Мане, разумеется, и не предполагал, что будет иначе. Огорченный тем, что ему не удастся показать публике много картин и собрать урожай после напряженной двухлетней работы, он не стал ждать результатов ходатайства перед Валевским и попытался хоть как-то исправить для себя пагубные последствия нового законодательства.

Отбирая картины для Салона – он откроется, как обычно, 1 мая, – Мане останавливается на «Купанье» как на главном произведении, затем решает присовокупить к нему пару испанских полотен: «Молодую женщину в костюме эспада» и «Молодого человека в костюме махо». Мане одновременно договаривается с Мартине об устройстве выставки – она включит лучшие из прочих его холстов, ее вернисаж состоится на Итальянском бульваре 1 марта.

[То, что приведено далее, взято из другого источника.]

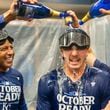 Kansas City Royals shortstop Bobby Witt Jr., center has champagne poured on him by teammates during the celebration in the locker room after a baseball game against the Atlanta Braves, Friday, Sept. 27, 2024, in Atlanta. (AP Photo/Jason Allen)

Радуясь такому совпадению, Мане размещает у Мартине четырнадцать картин. От «Музыки в Тюильри» до «Старого музыканта», от «Gitanos» до «Испанского балета», от «Уличной певицы» до «Лолы из Валенсии» – таково собрание произведений, которые своим разнообразием и ансамблем должны убедительно доказать публике высокие достоинства живописца Эдуара Мане. Интерес, таким образом, будет разбужен, а «Купанье» – оно появится в Салоне чуть позже – станут рассматривать еще внимательнее. Продумано-то все хорошо.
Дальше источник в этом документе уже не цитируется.